Steve Umidha @steveumidha

Telkom Kenya has called for speedy efforts to amend the law to regulate market dominance in mobile telephony, warning the industry could be on the brink of collapse.

The firm yesterday termed the matter urgent, and called on the Communications Authority of Kenya (CA) “to move fast” to allow the industry to compete fairly.

“The regulator needs to move fast on this matter, the situation is urgent. We don’t want a single operator that can dictate industry operations,” said its Telkom chief executive Aldo Mareuse.

Delayed implementation of Telcoms Report on Dominance —whose absence is threatening to level the playing field for small operators according to Mareuse — could also put in danger planned mobile money interoperability test between Telkom and Safaricom cash transfer services, T-kash and M-pesa.

Safaricom and Airtel Kenya debuted cross network money transfer service in April this year, while Telkom was expected to join the foray before year end.
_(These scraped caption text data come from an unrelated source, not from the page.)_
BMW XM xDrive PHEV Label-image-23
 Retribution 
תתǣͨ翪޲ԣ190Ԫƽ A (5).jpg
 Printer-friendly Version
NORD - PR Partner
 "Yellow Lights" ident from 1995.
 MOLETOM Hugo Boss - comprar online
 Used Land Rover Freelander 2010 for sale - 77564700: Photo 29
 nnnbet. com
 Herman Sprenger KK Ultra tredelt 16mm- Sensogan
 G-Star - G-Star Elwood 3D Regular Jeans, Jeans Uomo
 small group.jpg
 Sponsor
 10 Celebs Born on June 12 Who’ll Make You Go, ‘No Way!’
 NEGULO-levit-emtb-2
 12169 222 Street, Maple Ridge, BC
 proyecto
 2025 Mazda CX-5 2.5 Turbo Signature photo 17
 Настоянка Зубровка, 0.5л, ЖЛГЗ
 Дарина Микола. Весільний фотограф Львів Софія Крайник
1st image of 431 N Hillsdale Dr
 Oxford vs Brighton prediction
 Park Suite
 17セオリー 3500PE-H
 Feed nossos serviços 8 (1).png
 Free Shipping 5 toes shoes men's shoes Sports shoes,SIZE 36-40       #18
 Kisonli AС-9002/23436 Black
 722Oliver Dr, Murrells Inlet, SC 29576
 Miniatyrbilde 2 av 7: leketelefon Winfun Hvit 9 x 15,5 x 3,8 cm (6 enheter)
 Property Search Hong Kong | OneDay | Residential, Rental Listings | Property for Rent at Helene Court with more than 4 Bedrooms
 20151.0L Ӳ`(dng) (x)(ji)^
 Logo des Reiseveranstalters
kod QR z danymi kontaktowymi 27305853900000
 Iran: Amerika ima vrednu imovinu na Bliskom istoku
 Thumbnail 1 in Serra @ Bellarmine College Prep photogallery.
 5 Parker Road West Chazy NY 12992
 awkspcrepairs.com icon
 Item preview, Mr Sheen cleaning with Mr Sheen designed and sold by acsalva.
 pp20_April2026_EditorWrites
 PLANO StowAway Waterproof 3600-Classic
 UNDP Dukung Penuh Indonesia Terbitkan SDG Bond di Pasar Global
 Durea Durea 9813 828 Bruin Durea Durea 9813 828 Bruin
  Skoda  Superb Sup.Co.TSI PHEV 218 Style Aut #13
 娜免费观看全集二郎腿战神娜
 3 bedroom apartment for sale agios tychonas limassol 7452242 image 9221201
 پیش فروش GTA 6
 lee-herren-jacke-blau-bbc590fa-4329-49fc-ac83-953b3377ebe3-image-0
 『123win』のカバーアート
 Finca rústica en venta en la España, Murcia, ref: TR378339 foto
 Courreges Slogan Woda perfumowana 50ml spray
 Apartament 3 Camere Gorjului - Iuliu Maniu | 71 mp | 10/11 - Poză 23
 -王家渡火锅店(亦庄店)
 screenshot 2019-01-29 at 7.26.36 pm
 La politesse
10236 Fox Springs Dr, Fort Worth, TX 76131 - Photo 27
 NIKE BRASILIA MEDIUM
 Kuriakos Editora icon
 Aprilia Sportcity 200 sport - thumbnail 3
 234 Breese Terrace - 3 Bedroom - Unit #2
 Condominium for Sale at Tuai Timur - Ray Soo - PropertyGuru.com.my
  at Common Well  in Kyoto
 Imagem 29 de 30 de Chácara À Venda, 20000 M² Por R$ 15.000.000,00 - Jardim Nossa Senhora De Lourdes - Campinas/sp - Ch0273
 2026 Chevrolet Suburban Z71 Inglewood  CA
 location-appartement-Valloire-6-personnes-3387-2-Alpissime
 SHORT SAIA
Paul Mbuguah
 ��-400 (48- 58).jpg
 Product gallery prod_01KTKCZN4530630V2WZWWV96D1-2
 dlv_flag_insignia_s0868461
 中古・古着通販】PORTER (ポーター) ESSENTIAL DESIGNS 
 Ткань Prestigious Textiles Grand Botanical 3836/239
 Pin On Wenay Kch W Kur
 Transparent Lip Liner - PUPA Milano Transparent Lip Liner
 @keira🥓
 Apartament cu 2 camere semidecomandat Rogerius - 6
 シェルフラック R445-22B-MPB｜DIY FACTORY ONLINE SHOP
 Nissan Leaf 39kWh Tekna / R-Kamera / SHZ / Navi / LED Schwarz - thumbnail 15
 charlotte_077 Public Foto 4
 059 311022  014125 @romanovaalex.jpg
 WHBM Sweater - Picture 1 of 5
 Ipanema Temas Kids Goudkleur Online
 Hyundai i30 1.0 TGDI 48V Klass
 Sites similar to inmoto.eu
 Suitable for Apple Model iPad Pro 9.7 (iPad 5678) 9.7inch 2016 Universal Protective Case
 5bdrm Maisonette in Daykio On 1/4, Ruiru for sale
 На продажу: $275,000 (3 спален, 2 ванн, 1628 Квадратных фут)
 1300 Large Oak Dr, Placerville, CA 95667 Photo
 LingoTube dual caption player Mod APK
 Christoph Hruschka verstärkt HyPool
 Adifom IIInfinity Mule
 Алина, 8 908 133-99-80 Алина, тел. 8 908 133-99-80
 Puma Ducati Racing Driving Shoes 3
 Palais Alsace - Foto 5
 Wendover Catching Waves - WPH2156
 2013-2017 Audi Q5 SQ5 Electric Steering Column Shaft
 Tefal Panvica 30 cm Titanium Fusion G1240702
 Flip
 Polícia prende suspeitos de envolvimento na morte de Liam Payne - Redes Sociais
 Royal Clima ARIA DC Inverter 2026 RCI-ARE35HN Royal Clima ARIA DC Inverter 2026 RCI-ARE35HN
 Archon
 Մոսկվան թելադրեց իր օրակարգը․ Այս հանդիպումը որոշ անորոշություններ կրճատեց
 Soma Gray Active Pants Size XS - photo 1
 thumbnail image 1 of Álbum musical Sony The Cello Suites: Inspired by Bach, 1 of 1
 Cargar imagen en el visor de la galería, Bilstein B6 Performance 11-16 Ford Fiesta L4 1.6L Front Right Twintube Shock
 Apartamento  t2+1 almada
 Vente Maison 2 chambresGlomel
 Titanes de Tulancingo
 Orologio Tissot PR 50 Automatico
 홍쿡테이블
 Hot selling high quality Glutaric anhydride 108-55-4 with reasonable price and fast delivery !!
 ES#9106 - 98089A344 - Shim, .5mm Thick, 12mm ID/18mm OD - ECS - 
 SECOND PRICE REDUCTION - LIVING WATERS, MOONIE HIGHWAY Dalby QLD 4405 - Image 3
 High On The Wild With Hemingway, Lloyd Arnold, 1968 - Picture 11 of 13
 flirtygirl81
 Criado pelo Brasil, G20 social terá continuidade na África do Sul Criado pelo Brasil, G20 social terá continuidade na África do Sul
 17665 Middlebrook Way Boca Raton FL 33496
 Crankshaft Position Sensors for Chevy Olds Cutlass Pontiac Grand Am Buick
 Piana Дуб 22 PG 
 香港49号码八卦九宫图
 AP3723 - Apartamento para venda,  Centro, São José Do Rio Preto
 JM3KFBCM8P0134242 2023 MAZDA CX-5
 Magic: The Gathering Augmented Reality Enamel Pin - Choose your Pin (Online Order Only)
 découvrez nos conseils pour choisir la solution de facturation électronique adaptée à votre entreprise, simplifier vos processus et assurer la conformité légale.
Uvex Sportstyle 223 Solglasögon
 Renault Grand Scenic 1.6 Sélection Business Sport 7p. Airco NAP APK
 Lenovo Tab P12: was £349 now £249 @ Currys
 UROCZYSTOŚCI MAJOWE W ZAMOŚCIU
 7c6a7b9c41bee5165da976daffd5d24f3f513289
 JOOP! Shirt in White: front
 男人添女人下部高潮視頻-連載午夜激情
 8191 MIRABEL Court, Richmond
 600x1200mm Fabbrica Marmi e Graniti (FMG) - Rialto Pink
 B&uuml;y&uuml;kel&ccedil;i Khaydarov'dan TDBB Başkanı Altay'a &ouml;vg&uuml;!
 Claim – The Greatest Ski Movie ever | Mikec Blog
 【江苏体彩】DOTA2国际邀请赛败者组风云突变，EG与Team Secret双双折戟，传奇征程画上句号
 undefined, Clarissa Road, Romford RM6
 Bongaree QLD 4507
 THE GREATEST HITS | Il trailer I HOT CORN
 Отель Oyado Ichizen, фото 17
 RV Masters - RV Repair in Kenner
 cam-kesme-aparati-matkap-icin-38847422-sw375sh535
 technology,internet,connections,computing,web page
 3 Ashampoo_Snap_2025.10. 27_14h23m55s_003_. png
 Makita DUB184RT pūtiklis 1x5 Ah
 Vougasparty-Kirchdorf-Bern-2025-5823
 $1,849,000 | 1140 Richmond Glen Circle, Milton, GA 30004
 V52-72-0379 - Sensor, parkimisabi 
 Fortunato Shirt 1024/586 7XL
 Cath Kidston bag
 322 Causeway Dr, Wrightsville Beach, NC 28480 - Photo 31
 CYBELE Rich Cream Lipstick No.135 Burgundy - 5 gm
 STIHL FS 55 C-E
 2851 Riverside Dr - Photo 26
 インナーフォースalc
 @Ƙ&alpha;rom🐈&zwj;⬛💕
Those plans, as it now appears, hinge on the implementation of the dominance study by CA and British firm MS Analysys Mason.

Interoperability is expected to solve difficulties associated with mobile money transactions, where consumers have previously complained of costly and highly tedious processes of sending money across networks with the procedure often tilted in Safaricom’s favour owing to huge transactions tariffs set by the operator.

Small players have long maintained that Competition Authority of Kenya (CAK) and CA should split up Safaricom and M-Pesa into separate stand-alone business units in order to compete favourably and open the market.

Rather than pocketing the proceeds from its innovation, Safaricom has argued that, it has ploughed back revenues to transform itself into the multi-billion firm it is today.

According to the Telkom boss Safaricom’s investments has made the company achieve a level of dominance.

“What we are saying is, if nothing is done to the effect, consumers will be exploited, you will pay more for voice calls and data tariffs alike,” Mareuse said.

He was speaking to journalists in Nairobi while giving the firm’s business strategy since Telkom Kenya embarked on a major brand facelift meant to rival Safaricom and Bharti Airtel.

The firm is in talks with two unnamed parties over partnerships to allow it to sell high speed internet capacity from two undersea data cables that are about to land in the East African nation, Mareuse told Reuters.

The operator, which has been focusing on data to gain market share, distributes capacity from three other undersea cables, using its extensive fibre network in the country.

“The combination of affordable data options, strong network coverage across the country… catering to a data hungry market, has enabled us to become the preferred data network.”

The company says it has the cheapest data plan in the market, offering 2 gigabyte (GB) for Sh99.